In Buskirk’s Practice, p. 83, the author says: “There is one general rule that should be rigidly and invariably adhered to in making up a transcript, and that is, to arrange the proceedings in the order in which they occurred in the court below. The transcript ought to be an accurate and methodical history of the cause, as it progressed, step by step, in the lower court.”
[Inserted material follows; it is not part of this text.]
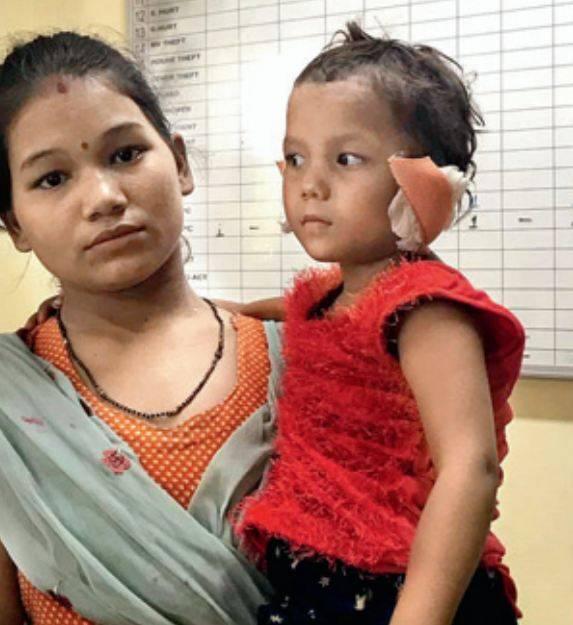 man chops off step daughter 039 s ears photo times of india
It is well settled in this State that the filing of an amended pleading takes from the record the original pleading. State, ex rel., v. Hay, 88 Ind. 274; Travellers’ Insurance Co. v. Martin, 131 Ind. 155. As the case was tried on the amended complaint, in order that any question may be presented on the pleadings or on the instructions, it is necessary that the amended pleading should be in the record. State, ex rel., v. Earl, 133
In McCardle v. McGinley, 86 Ind. 538, 44 Am. Rep. 343, the court said: “It was the duty of the appellant to bring up to this court a record fairly and fully presenting the questions upon which the court is asked to pass. It is obvious, that, in the absence of the answer of the appellant to the complaint, this court can not determine what the issues in the case were. Ror can we determine that the interrogatories answered by the jury were pertinent and relevant to the issues; nor whether the evidence was sufficient to sustain the verdict; * * * nor can we determine the relevancy or irrelevancy of the charges given and refused.” ’
Judgment affirmed.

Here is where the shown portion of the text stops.